§ Problem to solve: A verbatim copy is needed of the lines below from the one containing "תושבי הכפר מנותקים" up to and including the one containing "- Second Image", excluding pictures.

§ Given entries:
--------------------------------------------------
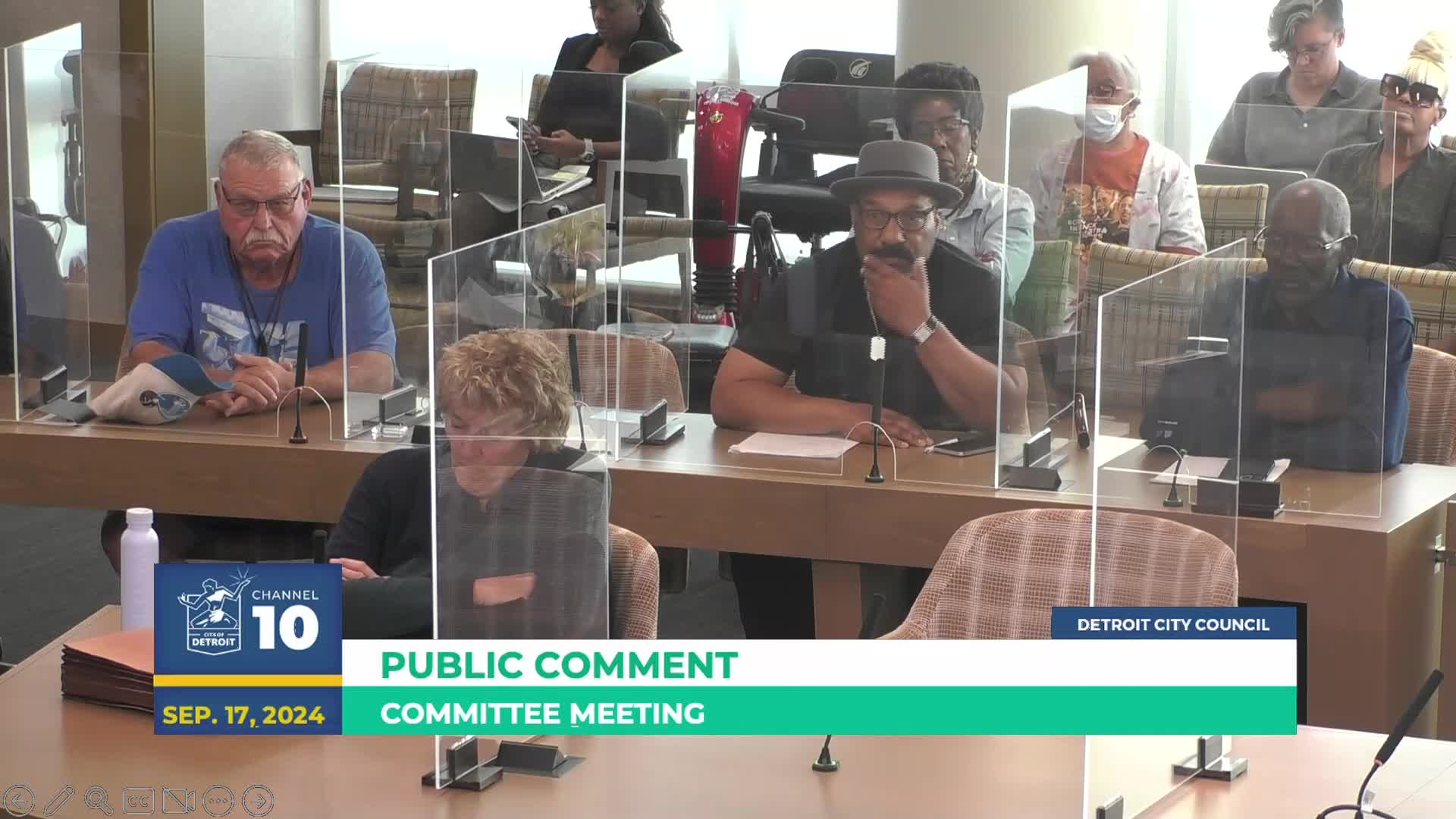 Community Outcry Over Police Raid at Healing Center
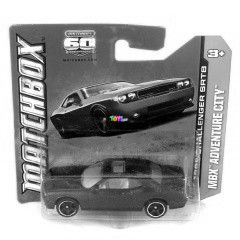 Matchbox - Dodge Challenger SRT8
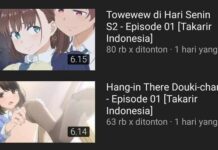 Tawawa dan Douki-chan Muncul Lagi di Muse Indonesia douki-chan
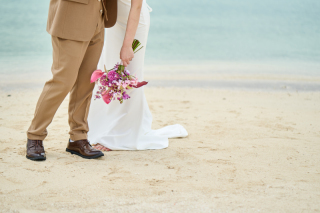 Dears Wedding RESORT_アドバイス写真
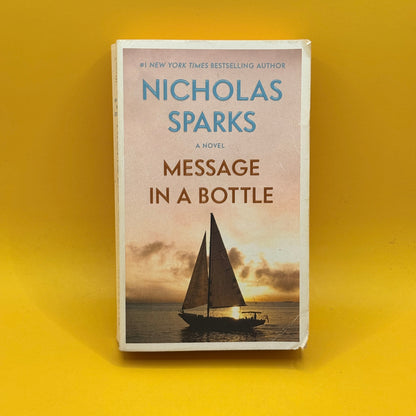 Message in a Bottle by Nicholas Sparks
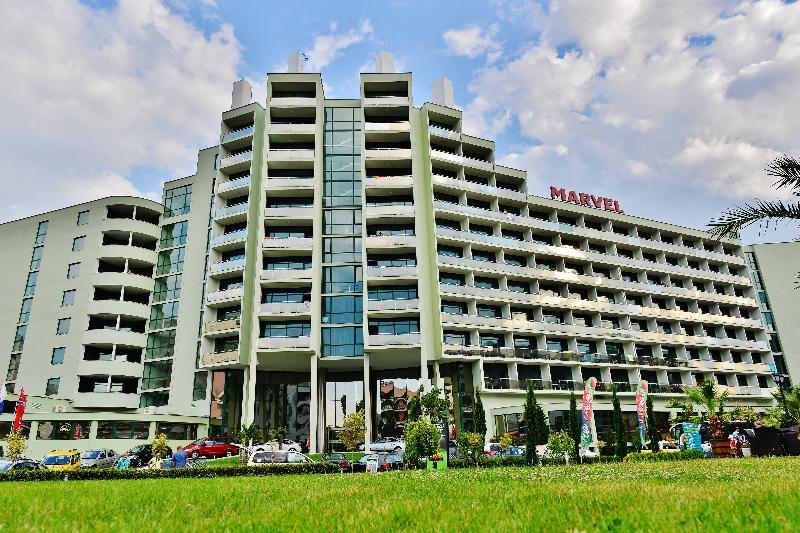 Hotel Marvel All Inclusive - Fully Renovated Free Beach Access Slântsjev Brjag Eksteriør bilde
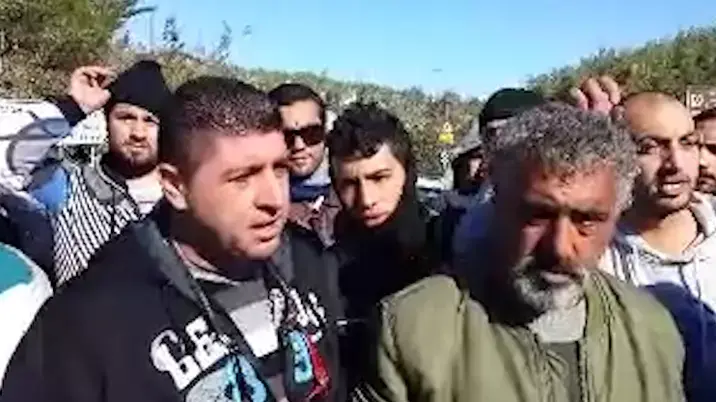תושבי הכפר מנותקים מחשמל: "נחסום את כביש 1"
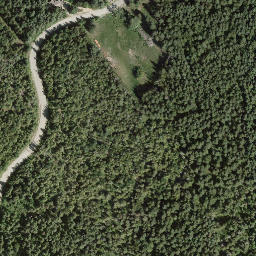 Satellite imagery of Notch Hill, CA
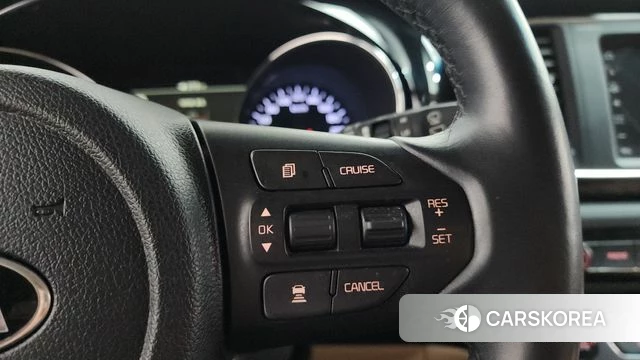 Kia The New Carnival id 4642745 из Кореи 7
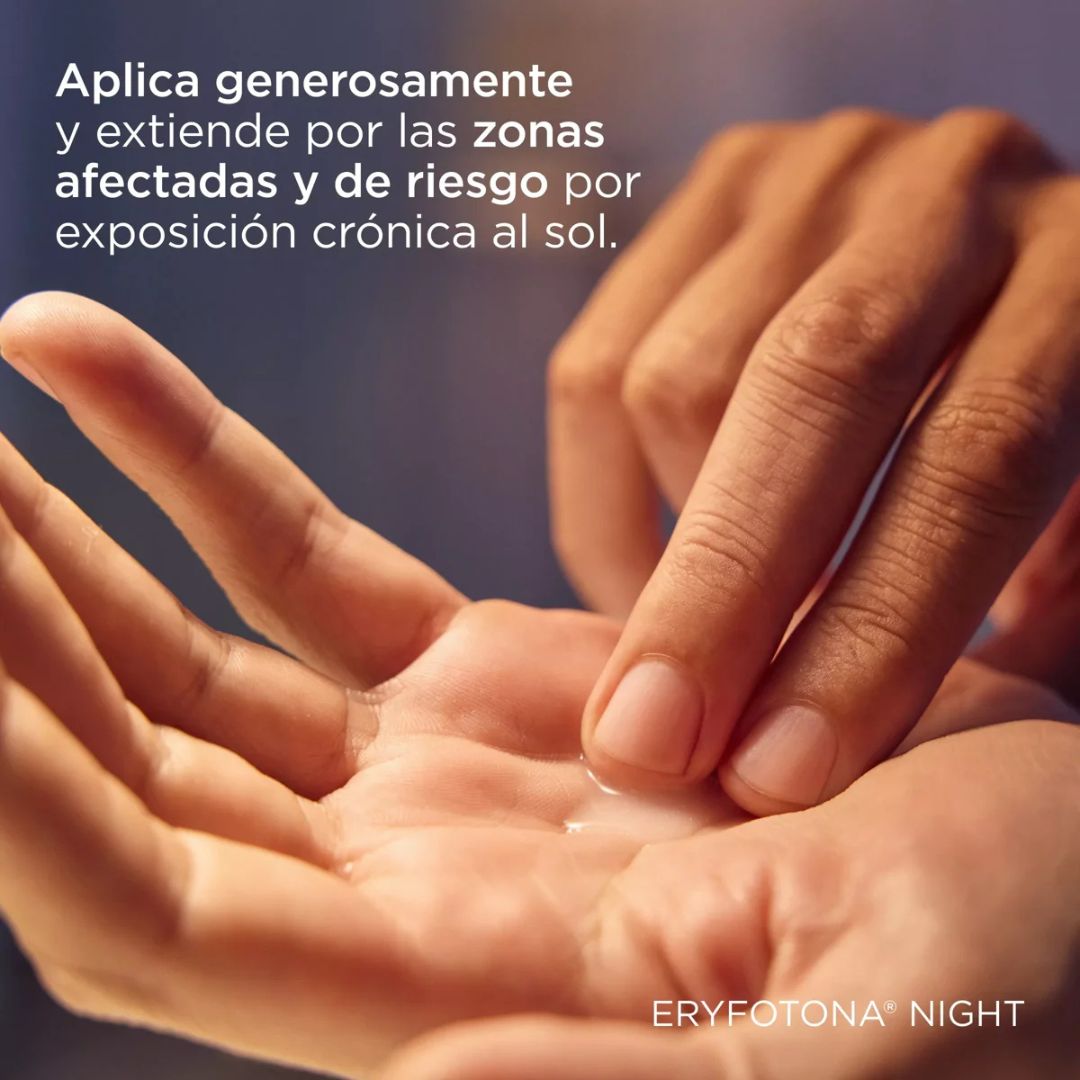 Isdin Eryfotona Night - Frasco 50 ML, , large image number null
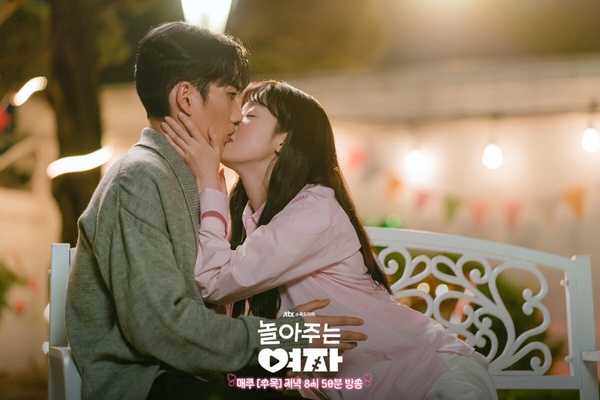 2024「最熱門」韓劇TOP10！金秀賢《淚之女王》打敗《和我老公結婚吧》第2，冠軍真的紅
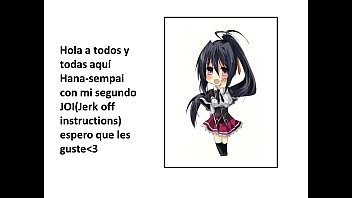 Instrucciones Para Masturbarse Con Akeno free video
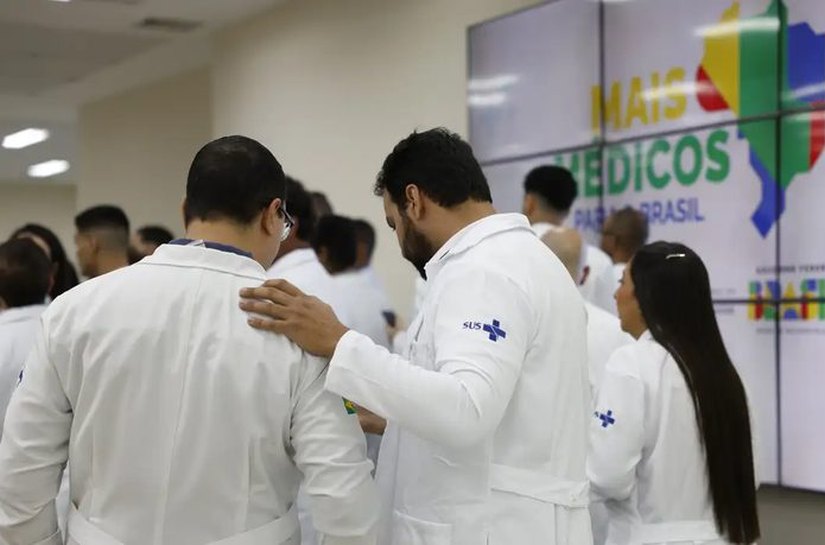 Municípios podem aderir ou renovar adesão ao programa Mais Médicos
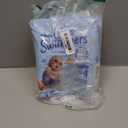 Huggies Little Swimmers Disposable Swimming Diapers, Size 4 (24-34 lbs), 18 Ct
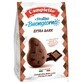 Dark chocolate biscuits, 400 gr, Campiello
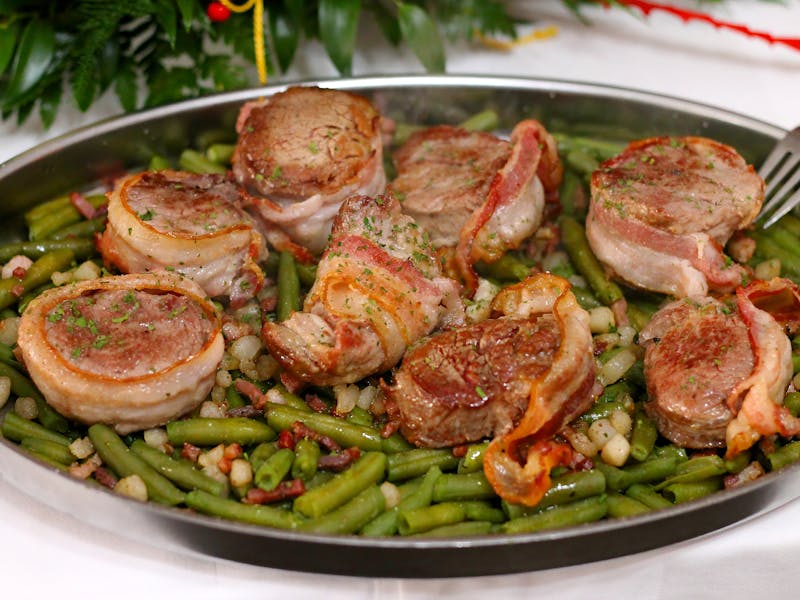 **Savršen Recept za Svinjski File sa Medom i Senfom: Oduševite Goste i Obitelj!** - Second Image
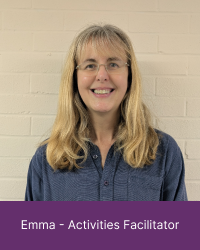 A photo of Emma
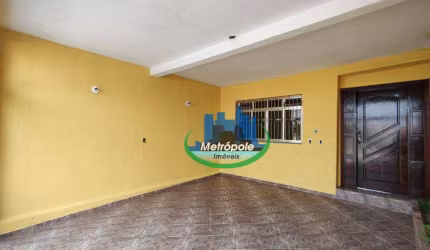 Sobrado à venda, 230 m² por R$ 650.000,00 - Jardim Silvia - Guarulhos/SP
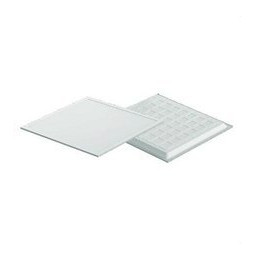 Panel Led VOLTA 55W 6000K 176-264V 6000lm PF -0,50 CRI -80Ra 50-60Hz IK02 IP20 1195x595x32mm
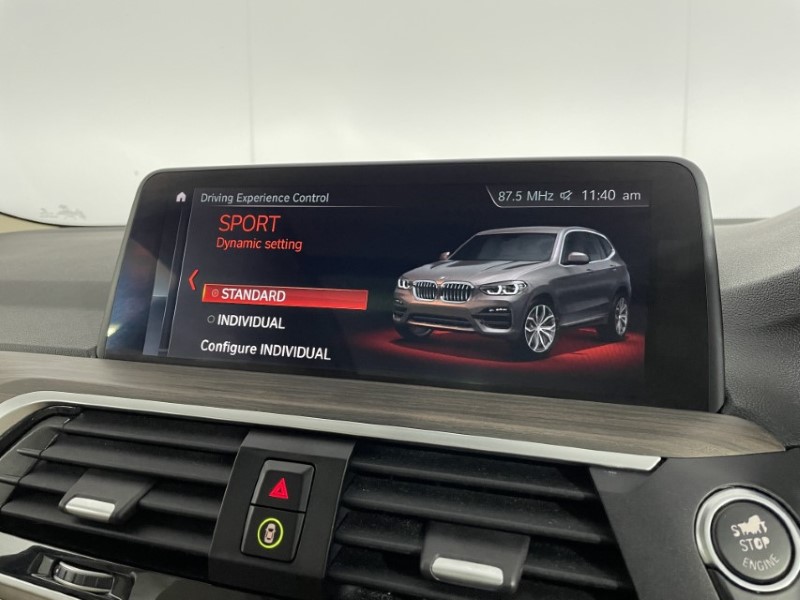 2017 (67) BMW X3 xDrive20d xLine 5dr Step Auto 3500113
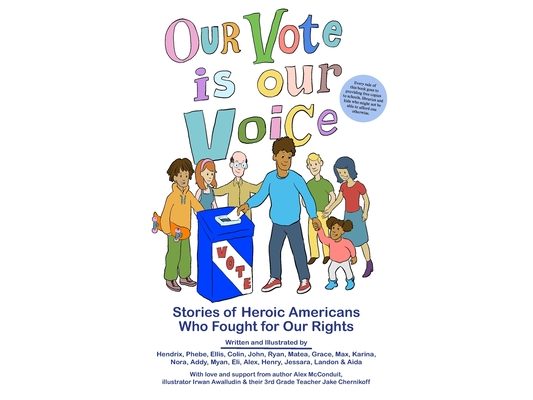 Our Vote Is Our Voice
--------------------------------------------------
§ Answer to this task:
תושבי הכפר מנותקים מחשמל: "נחסום את כביש 1"
 Satellite imagery of Notch Hill, CA
 Kia The New Carnival id 4642745 из Кореи 7
 Isdin Eryfotona Night - Frasco 50 ML, , large image number null
 2024「最熱門」韓劇TOP10！金秀賢《淚之女王》打敗《和我老公結婚吧》第2，冠軍真的紅
 Instrucciones Para Masturbarse Con Akeno free video
 Municípios podem aderir ou renovar adesão ao programa Mais Médicos
 Huggies Little Swimmers Disposable Swimming Diapers, Size 4 (24-34 lbs), 18 Ct
 Dark chocolate biscuits, 400 gr, Campiello
 **Savršen Recept za Svinjski File sa Medom i Senfom: Oduševite Goste i Obitelj!** - Second Image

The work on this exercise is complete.